Openreach has said it will be trialling higher levels of ReTransmission (ReTx) on its very high-speed digital subscriber lines (VDSL), to assess the effect on both upstream and downstream traffic.
Detail is scarce, but the latest test is assumed to relate to G.998.4 (or G.INP, which Openreach calls ReTx), the ITU-standardised error-correction protocol for DSL. ReTx is also present within the G.fast protocol that is fundamental to Openreach’s ‘superfast’ (300Mbps+) mid-term hybrid broadband strategy.
According to ISPReview UK, Openreach will run the trial with opted-in ISPs for around eight weeks, involving around 160,000 connections, commencing mid-July 2019. Emphasis will be apparently on the historically more problematic upstream ReTx.

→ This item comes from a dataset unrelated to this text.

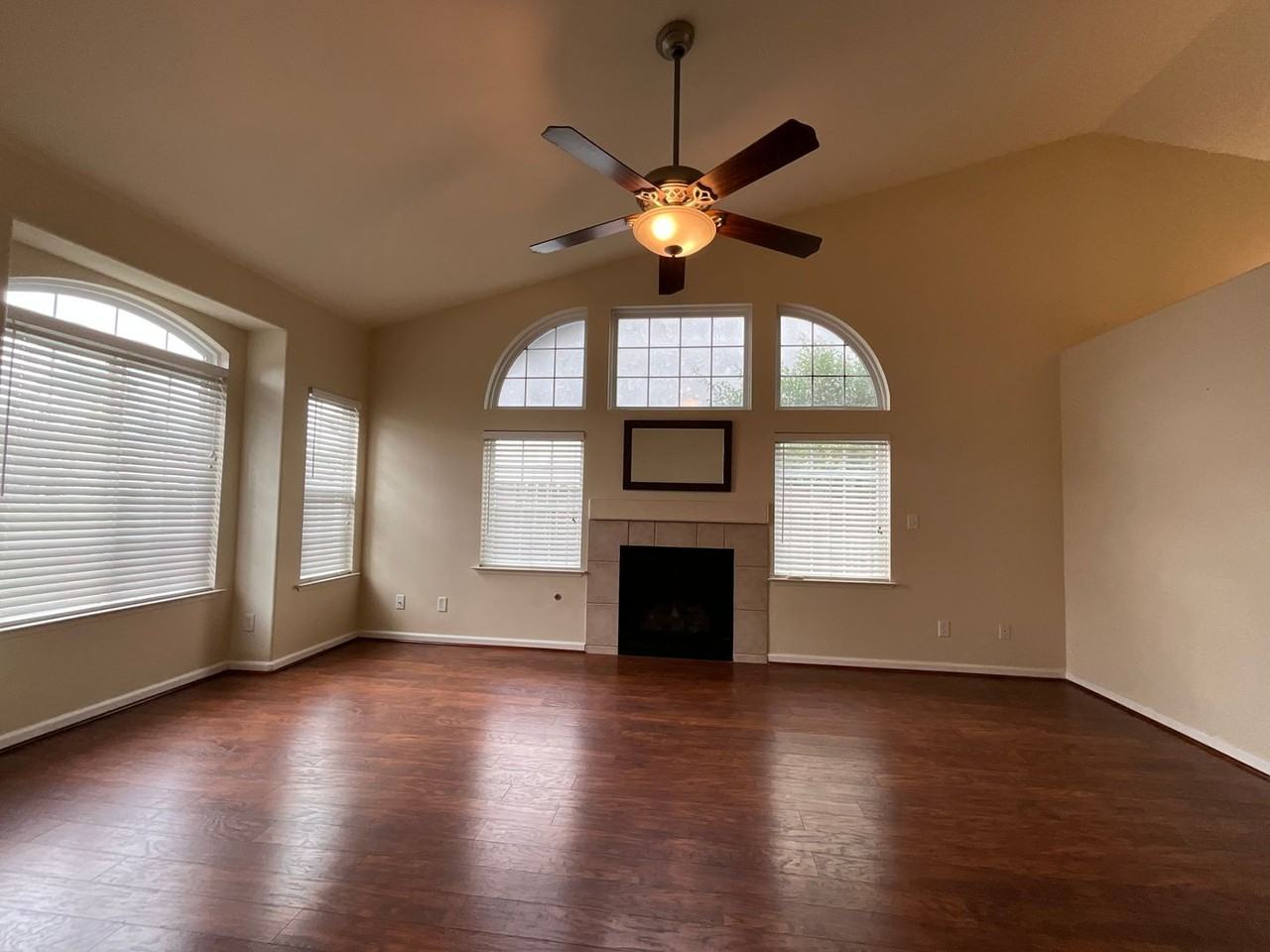 2820 E Eclipse Ave - Photo 4 of 17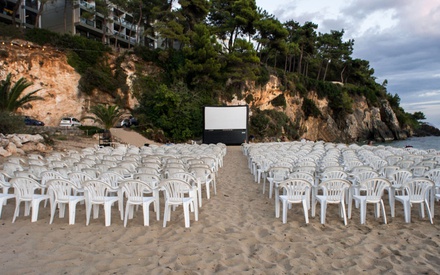 Το SeaNema Open Air Film Festival μετατρέπει τις παραλίες της Κεφαλονιάς σε μαγευτικά θερινά σινεμά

ReTx attempts to efficiently counter and regulate interference from ‘impulse noise’ by utilising a buffer, thus facilitating retransmission of corrupted data to help stabilise higher-speeds and improve latency.
Openreach has deployed ReTx in conjunction with its Huawei-supplied, fibre-connected cabinets since early-2015, following trials from 2013, but has encountered drawn-out problems in conjunction with equipment from rival (and now sidelined) cabinet-supplier ECI. Compatibility issues with some end-user modems and their chipsets have been suggested to be an underlying problem in the latter environment, particularly for upstream traffic.
Earlier in 2019, Openreach commenced a separate twelve-month, ISP opted-in trial to assess enhancements to its Dynamic Line Management (DLM) system. DLM is another tool used to optimise the performance of copper-delivered broadband. The trial is testing the impact of adding twelve further ‘speed steps’ to help fine-tune line speed and stability. It is reported to cover around 5,000 end-users connected to Huawei cabinets, with the new steps related to FTTC (mostly in the 50Mbps-80Mbps range).